Zombie workers that we can't stop

We’ve recently migrated a number of worker processes from Heroku to Render but ran into an issue last night with zombie worker processes (that are still running now several hours later) with no way to stop them.

We’re currently stuck with 3 zombie worker processes that are flooding our logs with error messages and overloading one of our redis instances with no way to kill the zombie workers. I tried re-deploying the workers and suspending them all (even deleting one worker from the dashboard) but the zombie processes are still running. Can someone from Render kill these for us?

From our logs:
srv-c9eabmp0gd076846l900-78df977b87-r52mp service-r52mp
srv-c9gqfjkobjdb4g3bm720-794f594c4b-cwsxb service-cwsxb
data-worker worker-npndn

Please DM me if you need more info.

Context: we had a database failover last night (not running on Render) which caused our Render workers to error which caused some issues with our Redis instance (also not running on Render). Our Render workers got into a restart loop over several hours and this morning we tried manually restarting and suspending all of the workers but noticed 3 workers were still running. I’ve had to move all of our workers back to Heroku.

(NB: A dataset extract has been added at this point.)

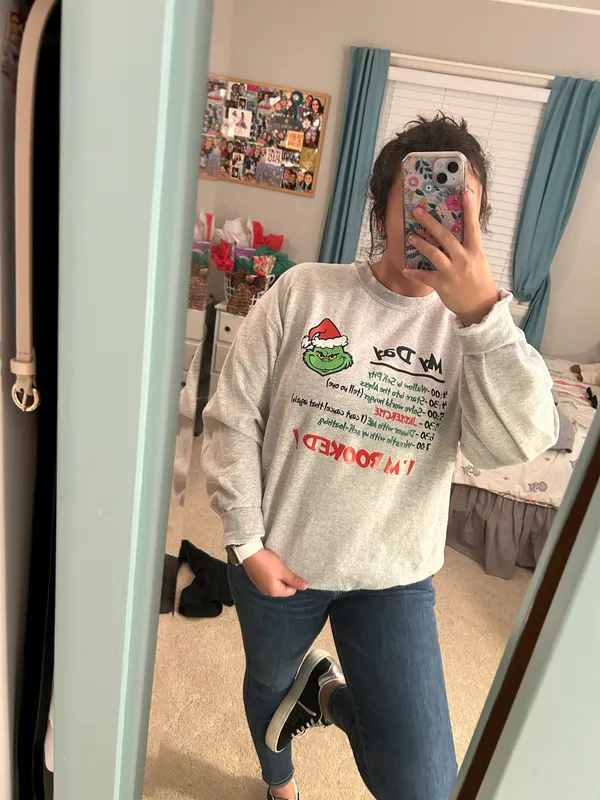 Gildan Grinch Sweatshirt - Image 4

We’re really enjoying Render so far but not being able to actually stop a worker process after suspending them or even deleting them in the dashboard is really concerning, especially when the zombie processes could be destabilizing our infra.

Thanks,
Jason

It looks like all of the zombie workers have stopped now. One stopped at 09:30:24 PT and another at 10:30:54 am PT.

Please let me know if this can be looked into. Ideally, suspending a worker would force stop all instances of the service within some reasonable time (a minute or two).

Thanks,
Jason

Hi Jason,

Sorry for the delayed response, and for the issue you faced here. When you suspend a Render worker we immediately attempt to cancel any in-progress deploys and scale the worker down to 0 instances. It’s possible something went wrong with this process on our end given what you observed in your logs.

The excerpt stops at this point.